Collected data entries
——————
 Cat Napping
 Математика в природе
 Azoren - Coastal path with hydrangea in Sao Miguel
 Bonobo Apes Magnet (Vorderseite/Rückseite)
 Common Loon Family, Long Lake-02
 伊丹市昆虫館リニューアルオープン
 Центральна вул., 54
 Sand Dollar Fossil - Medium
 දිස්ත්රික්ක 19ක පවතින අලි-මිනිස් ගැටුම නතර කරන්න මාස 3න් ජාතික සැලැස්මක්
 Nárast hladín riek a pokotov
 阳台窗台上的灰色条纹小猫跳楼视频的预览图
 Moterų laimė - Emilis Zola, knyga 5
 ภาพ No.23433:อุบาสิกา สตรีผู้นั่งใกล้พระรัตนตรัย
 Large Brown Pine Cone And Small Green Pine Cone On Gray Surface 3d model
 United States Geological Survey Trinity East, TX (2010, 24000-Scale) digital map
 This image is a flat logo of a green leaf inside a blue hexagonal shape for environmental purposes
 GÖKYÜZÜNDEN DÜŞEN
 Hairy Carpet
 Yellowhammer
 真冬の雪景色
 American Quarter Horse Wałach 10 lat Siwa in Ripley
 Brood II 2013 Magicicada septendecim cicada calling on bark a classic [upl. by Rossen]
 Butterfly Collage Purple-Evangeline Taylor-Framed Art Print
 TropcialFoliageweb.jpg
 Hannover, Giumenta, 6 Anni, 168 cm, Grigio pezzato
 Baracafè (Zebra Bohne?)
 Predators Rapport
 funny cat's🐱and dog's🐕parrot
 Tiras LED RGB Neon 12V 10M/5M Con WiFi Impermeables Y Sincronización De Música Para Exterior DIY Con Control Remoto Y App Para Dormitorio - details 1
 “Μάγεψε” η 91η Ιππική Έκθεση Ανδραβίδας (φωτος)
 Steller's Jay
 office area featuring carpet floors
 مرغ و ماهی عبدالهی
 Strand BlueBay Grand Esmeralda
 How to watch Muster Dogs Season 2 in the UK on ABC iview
——————
→ **Goal of the exercise**
Nothing should appear in the answer except the lines above from the line with "Bonobo Apes Magnet (Vorderseite/Rückseite)" through the line with "阳台窗台上的灰色条纹小猫跳楼视频的预览图", both included, written out exactly.

→ **Completed task**
 Bonobo Apes Magnet (Vorderseite/Rückseite)
 Common Loon Family, Long Lake-02
 伊丹市昆虫館リニューアルオープン
 Центральна вул., 54
 Sand Dollar Fossil - Medium
 දිස්ත්රික්ක 19ක පවතින අලි-මිනිස් ගැටුම නතර කරන්න මාස 3න් ජාතික සැලැස්මක්
 Nárast hladín riek a pokotov
 阳台窗台上的灰色条纹小猫跳楼视频的预览图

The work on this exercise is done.